4. **Timeline:** When is the target audit date?
### Step 2 — Self-Assessment Framework
For each in-scope criterion, assess:
- **Design:** Is a control designed and documented to meet this criterion?
- **Implementation:** Is the control actually in place and operating?
- **Evidence:** Can the organization prove it to an auditor?
Use this RAG status for each criterion:
- 🟢 **Met** — control is designed, implemented, and evidenced
- 🟡 **Partial** — control exists but has gaps (undocumented, inconsistently applied, missing evidence)
- 🔴 **Gap** — no control exists or is clearly insufficient
### Step 3 — Common Gaps by Area
See `references/controls.md` for per-criterion gap patterns. The most frequently flagged gaps across all organizations:
1. **Policies not documented or not reviewed annually** (hits CC1, CC2, CC5)
2. **No formal risk assessment process** (CC3)
3. **Access reviews not performed** (CC6)
4. **Incident response plan not tested** (CC7)
5. **Change management not consistently followed** (CC8)
6. **No vendor risk program** (CC9)
7. **Availability SLAs not monitored or evidenced** (A1)
8. **Data classification not defined** (C1, P3)
9. **Privacy notice incomplete or missing** (P1)
### Step 4 — Remediation Plan
For each 🔴 or 🟡 item, output a remediation plan entry:
```
Control Area: [TSC criterion, e.g., CC6.1]
Gap: [Description of what's missing]
Remediation: [Specific action required]
Owner: [Role responsible]
Target Date: [Realistic deadline]
Evidence Needed: [What will prove this is fixed]
```
---
## Policy & Procedure Writing
Read `references/policies.md` for full templates and writing guidance.
### Core Policy Set Required for SOC 2
| Policy | TSC Criteria Addressed |
|---|---|
| Information Security Policy | CC1, CC2, CC5 |
| Access Control Policy | CC6 |
| Incident Response Policy & Plan | CC7 |
| Change Management Policy | CC8 |
| Risk Assessment Policy | CC3 |
| Vendor Management Policy | CC9 |
| Business Continuity & DR Policy | A1, CC7 |
| Data Classification Policy | C1, P3 |
| Acceptable Use Policy | CC1, CC6 |
| Privacy Policy / Notice | P1–P8 |
| Encryption Policy | CC6, C1 |
| Password / Authentication Policy | CC6 |
| Vulnerability Management Policy | CC7 |
### Policy Writing Principles
1. **Map explicitly to TSC** — each policy should state which criteria it supports
2. **Assign ownership** — every policy needs a named owner/role
3. **Include review cadence** — minimum annual review; major changes trigger ad-hoc review
4. **Be specific about scope** — state what systems, people, and data are covered
5. **Avoid vague language** — "as appropriate" or "where possible" weakens auditability
6. **Version control** — include version number, effective date, approval signature
---
## Control Documentation
Read `references/controls.md` for the full control matrix template and per-criterion examples.

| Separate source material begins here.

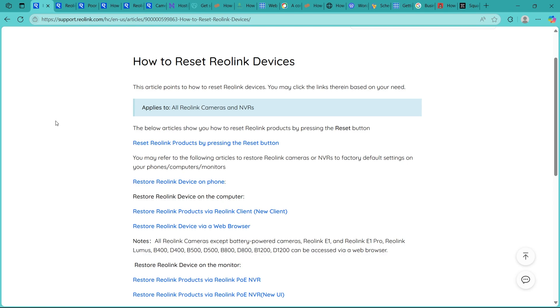After reconnecting, you can reconfigure your motion detection zones, recording schedules and notification preferences. The reset gives you a clean slate to customize everything again. Use this method if your camera won't connect, freezes often or if you are switching to a new network. A factory reset is a reliable last step when all other troubleshooting has failed.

### Control Statement Format
Each control should be documented as:
```
Control ID: [e.g., CC6.1-001]
TSC Criterion: [e.g., CC6.1 – Logical Access Controls]
Control Title: [Short descriptive name]
Control Type: [Preventive / Detective / Corrective]
Control Owner: [Role]
Frequency: [Continuous / Daily / Monthly / Annual / Event-driven]
Description: [What the control does and how it works]
Evidence: [What artifacts prove this control operates]
Test Procedure:[How an auditor would test this]
```
### Control Types to Know
- **Preventive** — stops a problem before it occurs (e.g., MFA, firewall rules)
- **Detective** — identifies a problem after it occurs (e.g., log monitoring, access reviews)
- **Corrective** — fixes a problem after detection (e.g., patch management, incident remediation)
Auditors expect a mix. Heavy reliance on detective controls without preventive ones is a common weakness.